4.3. Faktor produksi
Produksi sapi di Indonesia memerlukan biaya yang lebih mahal daripada di
Australia. Jika di Indonesia peternak sapi cenderung menggunakan metode
tradisional dari mulai pencarian atau pembuatan pakan ternak semuanya
memerlukan tenaga kerja yang relatif banyak. Setidaknya jika akan menernakkan
100 ekor sapi di Indonesia memerlukan sekitar lebih dari 10 orang untuk dapat
menghandle mulai dari pakan, pembersihan kandang, pembersihan sapi itu sendiri
dan lain sebagainya. Sehingga biaya produksi cenderung mahal tetapi harga
daging sapi lokal cenderung lebih mahal daripada daging impor yang
menyebabkan daging sapi lokal ini kurang laku dipasaran.

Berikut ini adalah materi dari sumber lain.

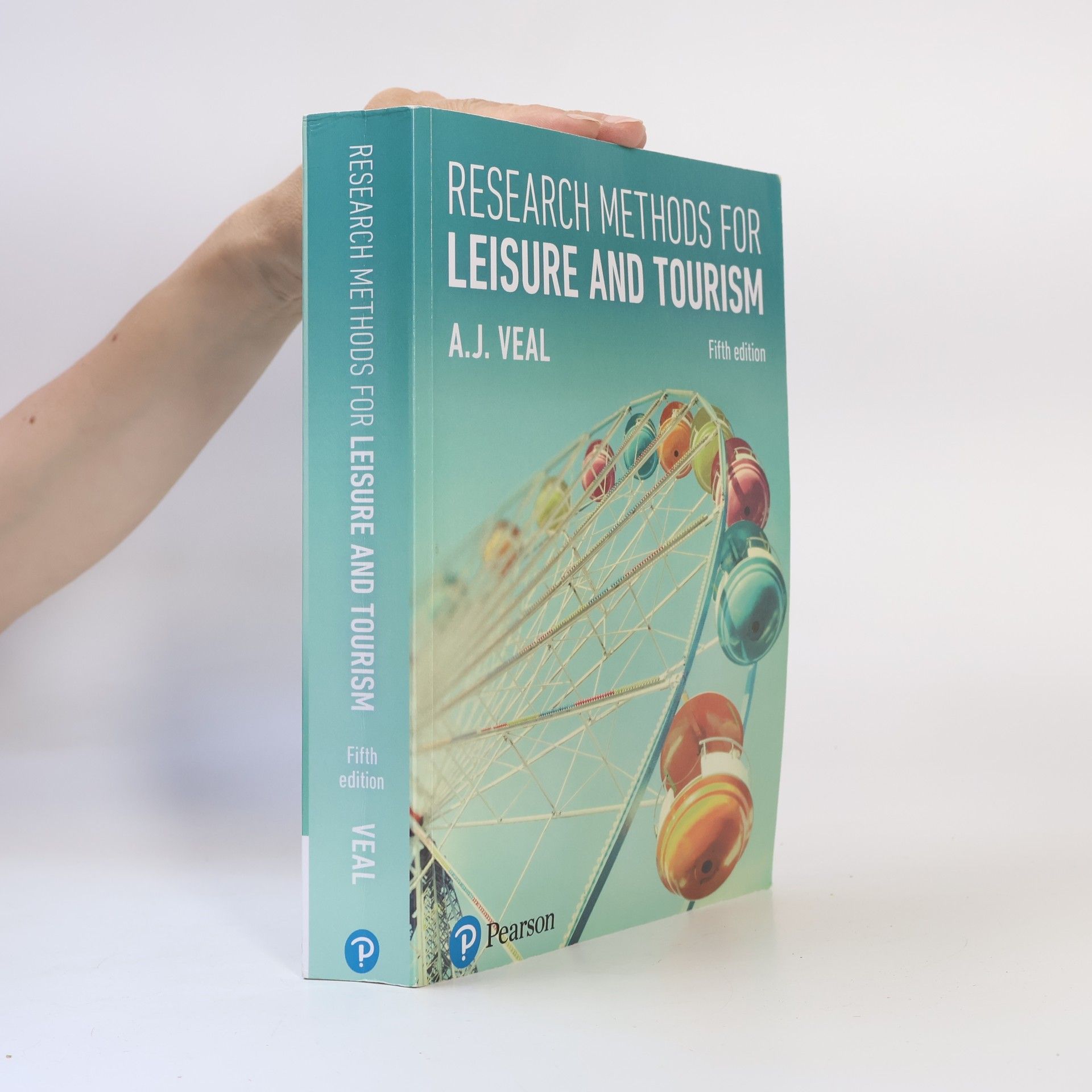 A.J. Veal Research Methods for Leisure and Tourism - Fifth Edition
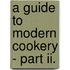 A Guide To Modern Cookery - Part Ii.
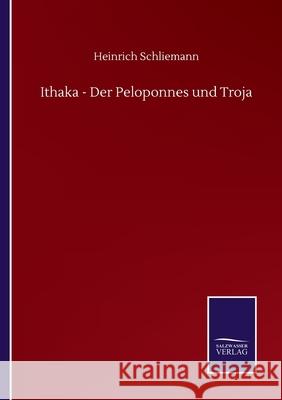 Ithaka - Der Peloponnes und Troja Heinrich Schliemann 9783846056769 Salzwasser-Verlag Gmbh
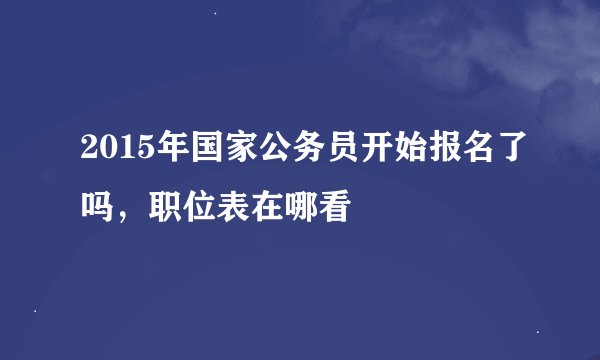 2015年国家公务员开始报名了吗，职位表在哪看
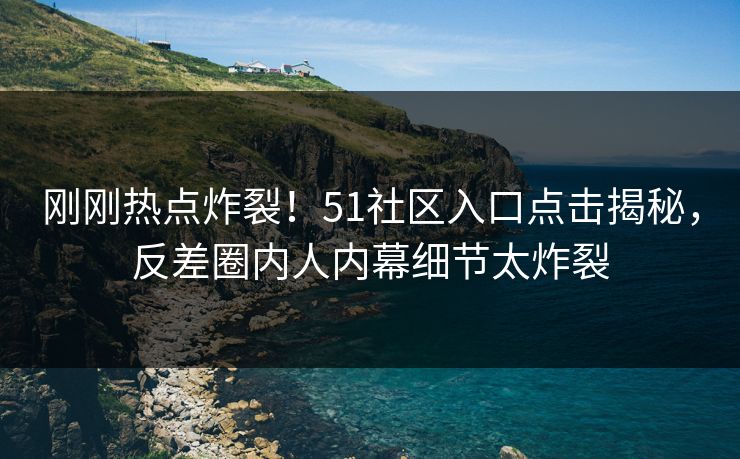刚刚热点炸裂！51社区入口点击揭秘，反差圈内人内幕细节太炸裂
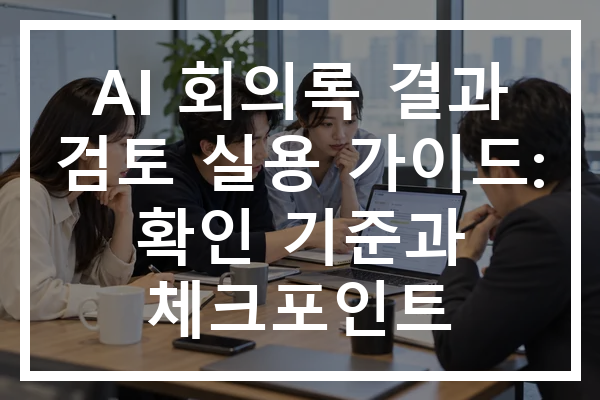 AI 회의록 결과 검토 실용 가이드: 확인 기준과 체크포인트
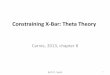 Constraining X-Bar: Theta Theory - · PDF fileLearning objectives •Apply the theta criterion to a sentence as a filter to X-bar theory. •Distinguish sentences with expletive subjects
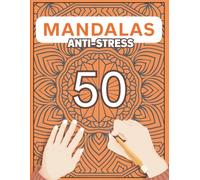 50 Mandalas Anti-Stress: Illustrations Variées pour Retrouver sa Sérénité. Grand cahier de coloriage pour adulte. Voyage artistique et méditatif pour ... et libérer l'esprit. Éditions Libre Esprit.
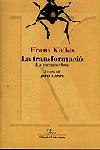 La transformació (La metamorfosi)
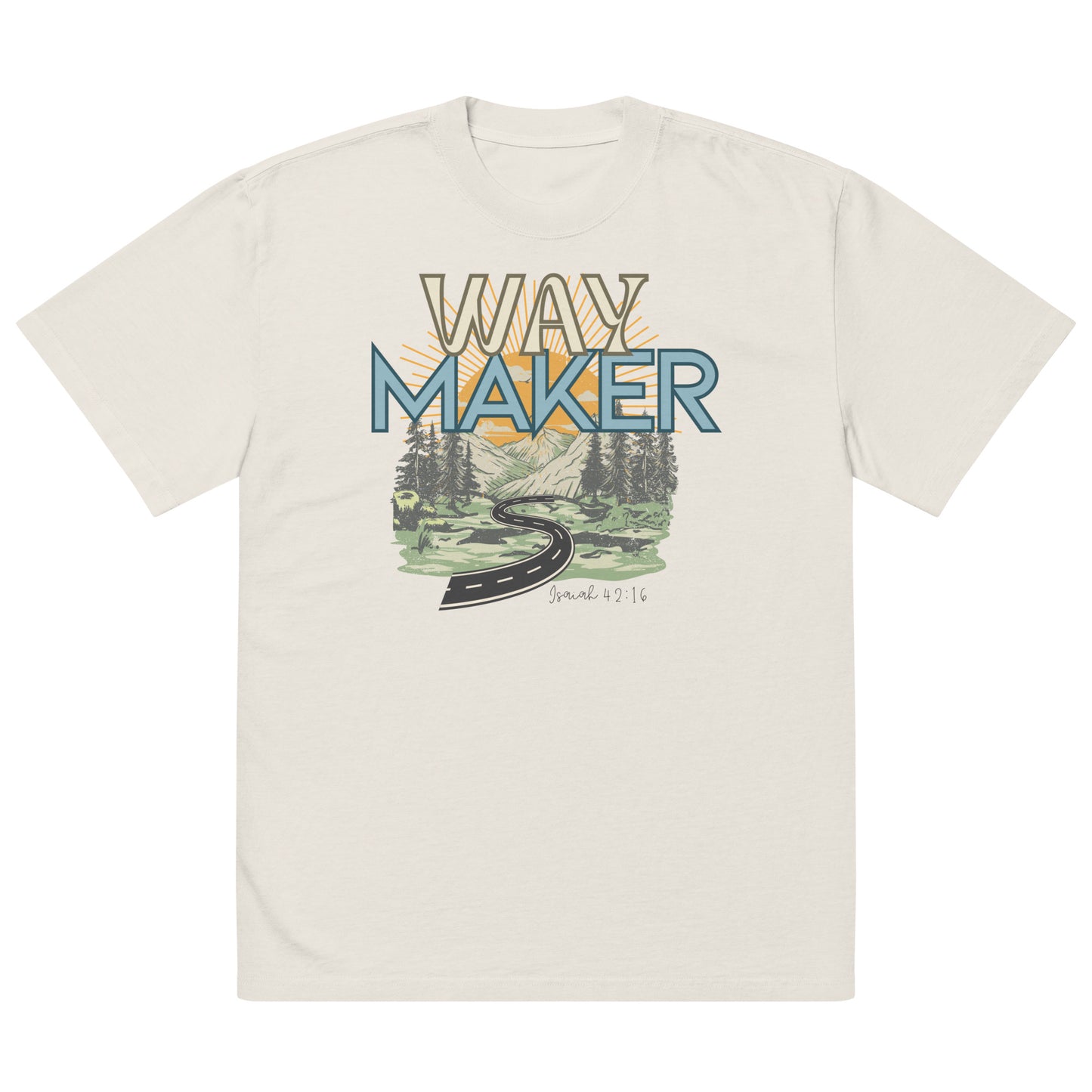 Way Maker - Isaiah 42:16, Oversized faded t-shirt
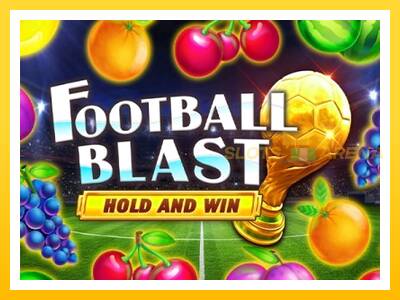 Maszyna do gier Football Blast Hold and Win z prawdziwymi zakładami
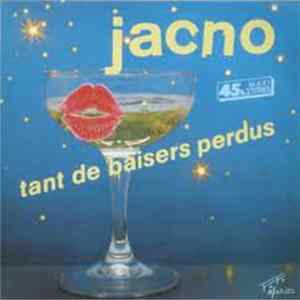 Jacno - Tant De Baisers Perdus / J'Débloque (Tic Toc) mp3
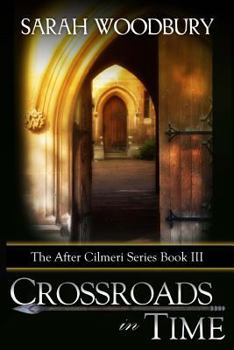 Crossroads in Time (5) - Book #3 of the After Cilmeri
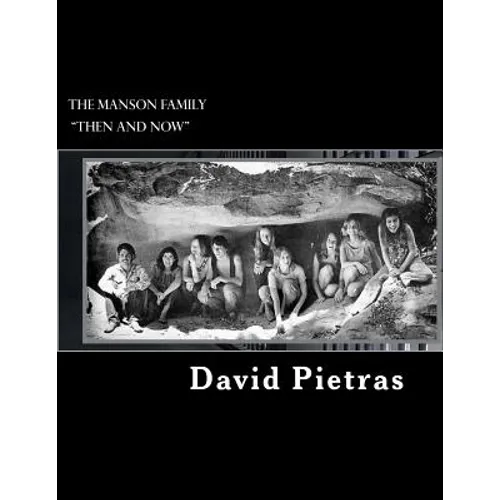 The Manson Family "Then and Now" - Paperback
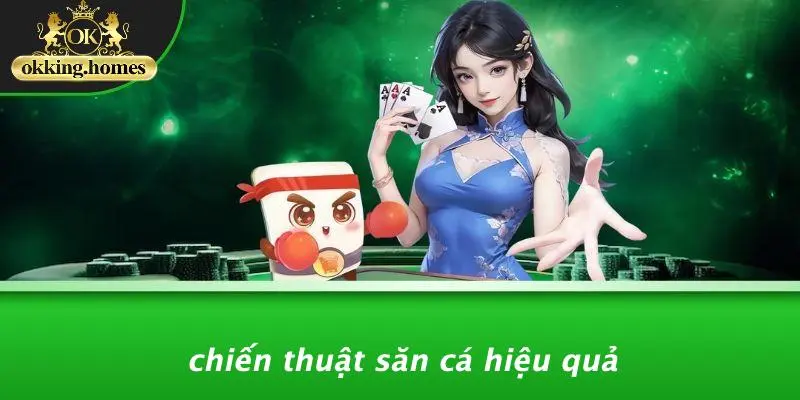 BẮN CÁ OKKING: BÍ KÍP SĂN CÁ THẦN SẦU KHIẾN DÂN CHƠI KHÔNG THỂ BỎ QUA 2 Chiến Thuật Săn Cá Hiệu Quả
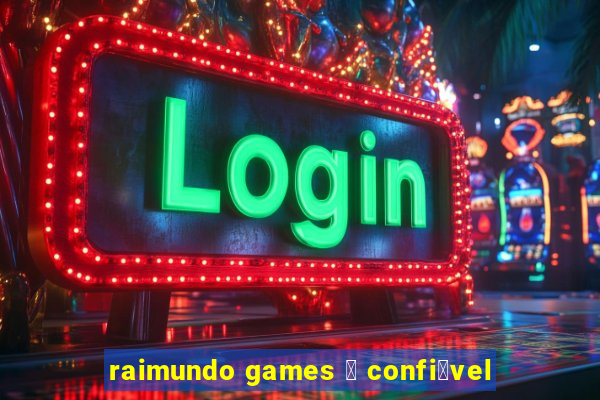 raimundo games 茅 confi谩vel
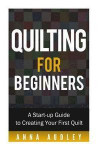 Quilting for Beginners: A Start-up Guide to Creating Your First Quilt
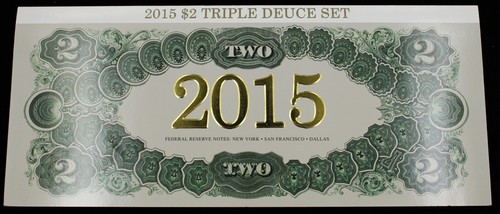 2015 BEP 2 $ Triple Deuce Set NY San Francisco Dallas Districts S/N 20156095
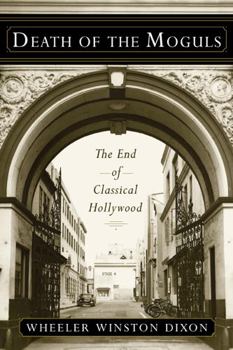 Death of the Moguls: The End of Classical Hollywood - Book  of the Techniques of the Moving Image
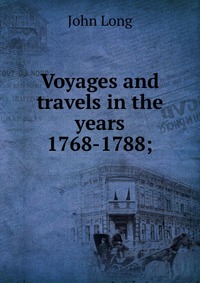 Voyages and travels in the years 1768-1788;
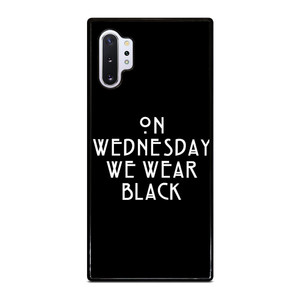 AMERICAN HORROR STORY ON WEDNESDAY WE WEAR BLACK Samsung Galaxy Note 10 Plus Case Cover AMERICAN HORROR STORY ON WEDNESDAY WE WEAR BLACK Samsung Galaxy Note 10 Plus Case Cover
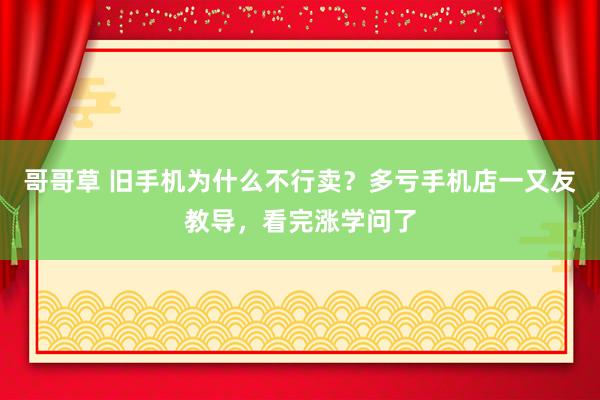 哥哥草 旧手机为什么不行卖？多亏手机店一又友教导，看完涨学问了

Sedangkan di Australia meskipun dapat dikatakan memiliki lahan yang
sama-sama besar dengan di Indonesia, akan tetapi teknologi yang digunakan lebih
canggih dengan yang ada di Indonesia. Faktor Produksi dengan minim kost
namun tinggi modal menyebabkan daging sapi Australia dijual lebih murah
bahkan ketika diimpor ke Indonesia, perbandingan harga dengan sapi lokal
Indonesia terbilang cukup signifikan, daging sapi Australia pada bulan Juni 2013
harga daging sapi Rp 37.830 per kg, lebih rendah ketimbang harga pada
Desember 2012: Rp 42.195 per kg. Sedangkan di Indonesia mencapai angka Rp.
100.000 per kg
5. Kesimpulan
Model perdagangan Heckscher-Ohlin menganalisa penyebab adanya
perbedaan produktivitas karena adanya perbedaan productivity of labor antar negara,
dan ditemukan bahwa tingginya biaya dalam faktor produksi namun dengan
kepimilikan modal yang rendah menyebabkan Produksi dengan kualitas dan kuantitas
yang tidak seimbang dengan harga yang ditetapkan, ketimpangan harga dengan
barang produksi tampak sangat nyata. Sebaliknya negara dengan kepemilikan modal
yang tinggi memiliki kemampuan untuk mengolah sumber daya dengan faktor
produksi yang memadai antara lain dengan teknologi dan rendah tenaga kerja,
sehingga biaya yang dikeluarkan dalam proses produksi tidak besar dan penetapan
harga pun sesuai dengan barang produksi yang dihasilkan bahkan cenderung lebih
murah dari harga rata – rata pasar. Analisa ini dapat dilihat secara empirik melalui
kasus pengimporan sapi yang dilakukan oleh Indonesia ke Australia, dimana
fenomena ini timbul karena harga sapi lokal melambung tinggi dan sulit untuk dicapai
masyarakat menengah yang membutuhkan, sementara sapi yang diimpor dari
Australia memiliki harga yang lebih murah sekaligus kualitas yang kurang lebih sama,
hal ini dikarenakan perbedaan faktor produksi yang dimiliki kedua negara antara
Indonesia dan Australia, yang mana proses produksi Indonesia masih menggunakan
teknik pengolahan yang Tradisional karena kepemilikan modal usaha dan anggaran
pemerintah untuk komoditi sapi ini cenderung rendah, berbeda dengan Australia yang
memiliki kepimilikan modal yang tinggi yang didukung pemerintah baik dari pihak
swasta itu sendiri, maka dari itu biaya produksi yang dikeluarkan cenderung rendah
dan harga yang ditetapkan pun terjangkau.
DAFTAR PUSTAKA
Boediono. 1981. Ekonomi Internasional. Yogyakarta: BPFE
h. Lindert, Peter dan Charles P. Kindleberger. 1995. Jakarta: Erlangga.